Al mismo tiempo es necesario aprender a pedir perdón. Seguramente somos enemigos de alguien y no lo sabemos. Habrá una herida con nuestro nombre en algún corazón. Tal vez sí lo sabemos. Lo hicimos, herimos, fallamos. A veces sin darnos cuenta. Pecamos con nuestras palabras, gestos u omisiones. Porque cuando omitimos en el amor también herimos. ¡Y cuánto nos cuesta pedir perdón! ¿Es de nuevo el orgullo, el amor propio? Puede ser, porque así actuamos siempre. Hacemos cosas y luego nos justificamos. Echamos la culpa a las circunstancias. Buscamos otros culpables que nos eximan de la culpa. Pero hicimos daño. Casi sin darnos cuenta dejamos cicatrices en algún alma. En ocasiones hemos hablado mal de otros. Hemos pensado o criticado en nuestro corazón a una persona, a una comunidad, al que es diferente. Tal vez nos hemos sentido superiores, no hemos acogido al nuevo. A lo mejor hemos competido con otras personas buscando el poder. A lo mejor hemos evitado a algunos hiriéndoles con nuestra indiferencia. Tal vez no hemos tenido valor para iniciar un reencuentro sanador y hemos dejado pasar el tiempo pensando que así todo se arreglaría.

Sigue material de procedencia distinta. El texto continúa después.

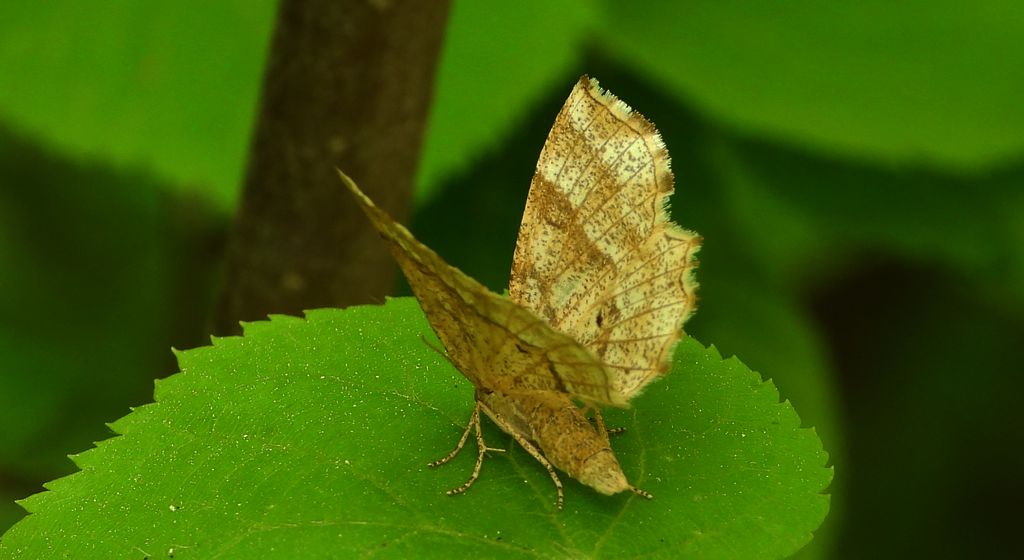 Cefis borówczak (Cepphis advenaria)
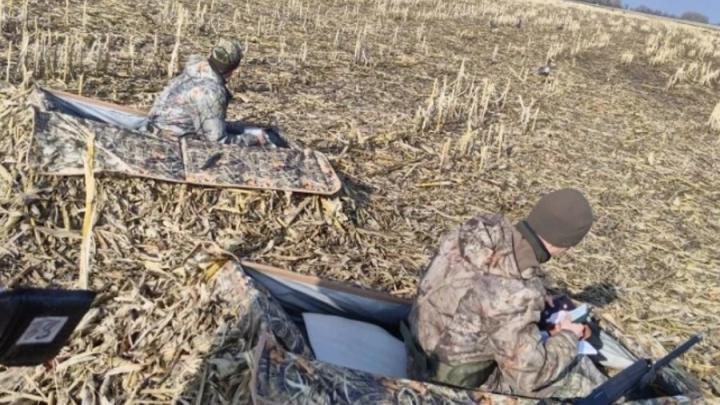 За две недели охоты в Саратовской области поймали 109 нарушителей За две недели охоты в Саратовской области поймали 109 нарушителей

Sí, hemos abandonado heridos al borde del camino y hemos seguido de largo. ¿Por qué nos cuesta tanto pedir perdón? Tal vez a veces no somos conscientes de lo que hacemos. Lo hacemos y ya está, no le damos importancia. Luego no valoramos el daño, la herida, el dolor causado. ¿Inconsciencia? ¿Inmadurez? ¿Egoísmo? No importan las causas. Lo importante es mirar el camino que tenemos por delante. Mirar y confiar. Sí, de eso se trata. De pedir perdón para iniciar una nueva historia. Pidamos perdón a todos aquellos a los que hemos herido. Pedir perdón nos hace vulnerables. Nos abre a la misericordia de los demás. Nos expone al rechazo o a la aceptación. Es sanador para el que pide perdón y para el que perdona.